Everything in the listing below should be written out again exactly, except the pictures.

━━━ Data extract ━━━

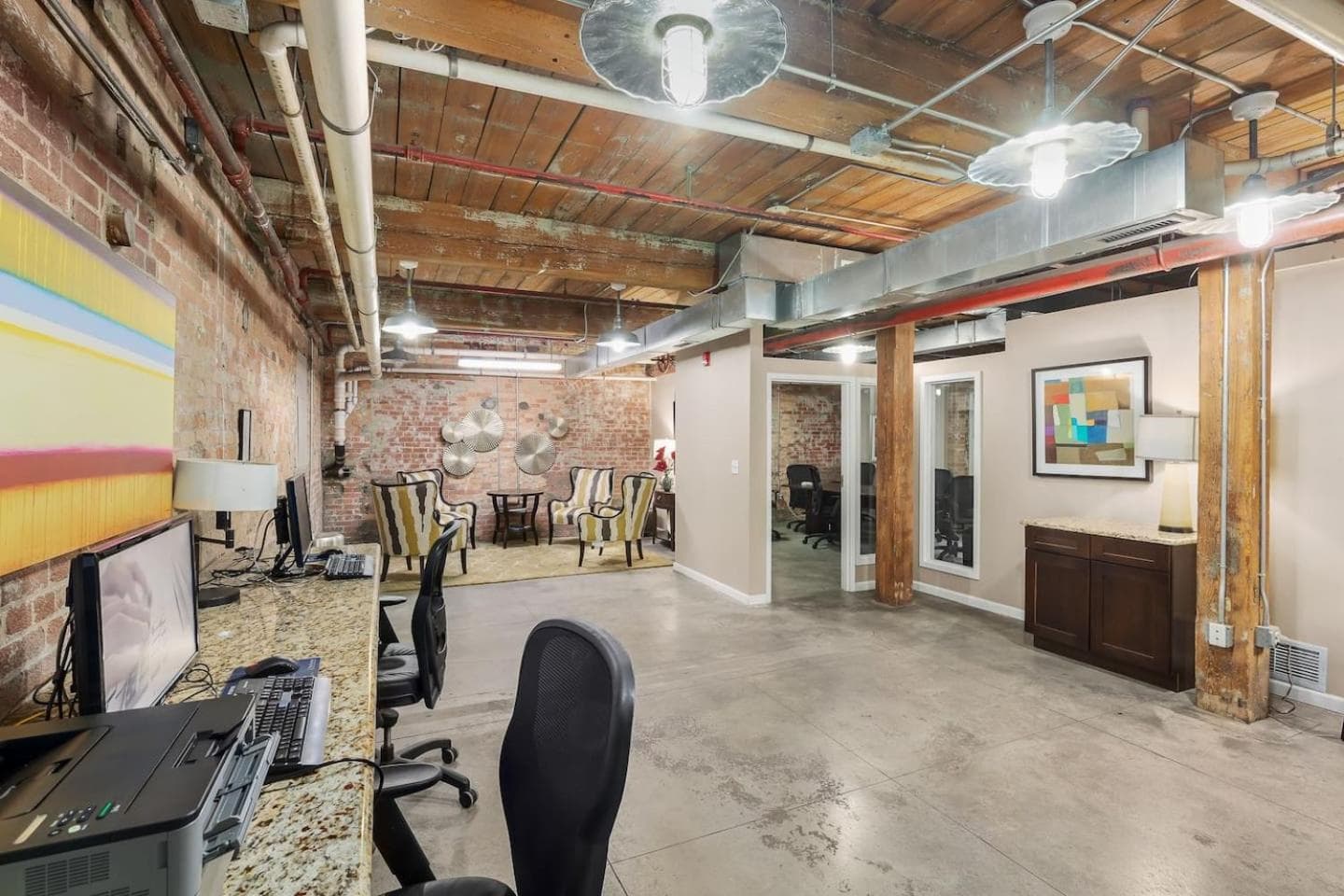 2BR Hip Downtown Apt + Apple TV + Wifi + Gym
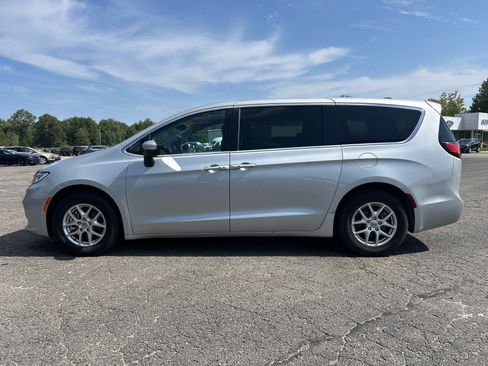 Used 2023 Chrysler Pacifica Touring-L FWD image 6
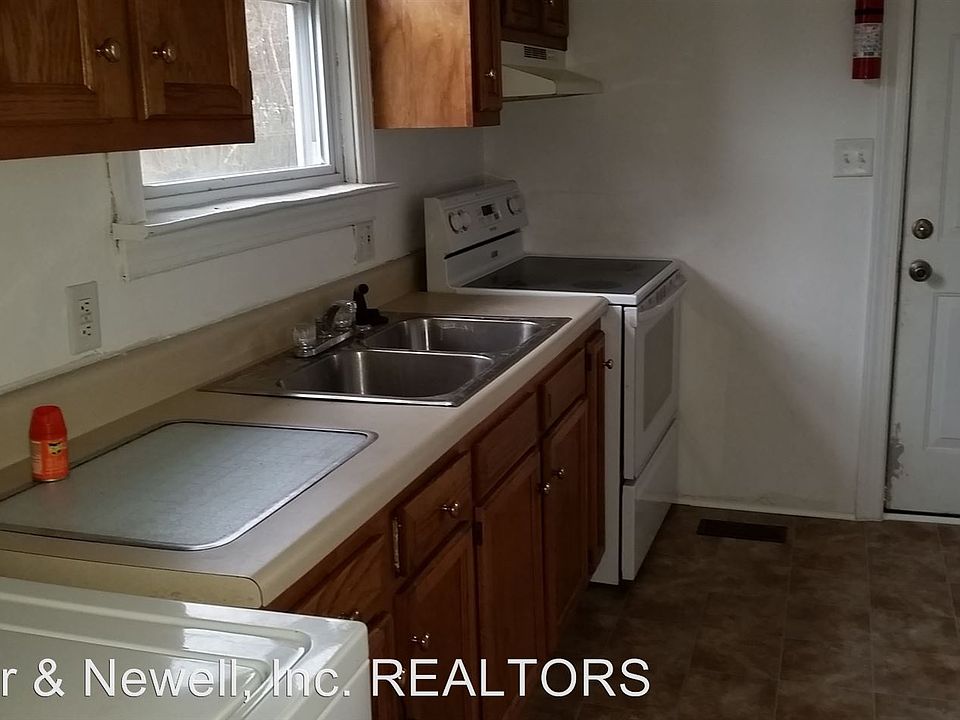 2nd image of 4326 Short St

━━━

Output below:
 2BR Hip Downtown Apt + Apple TV + Wifi + Gym
 Used 2023 Chrysler Pacifica Touring-L FWD image 6
 2nd image of 4326 Short St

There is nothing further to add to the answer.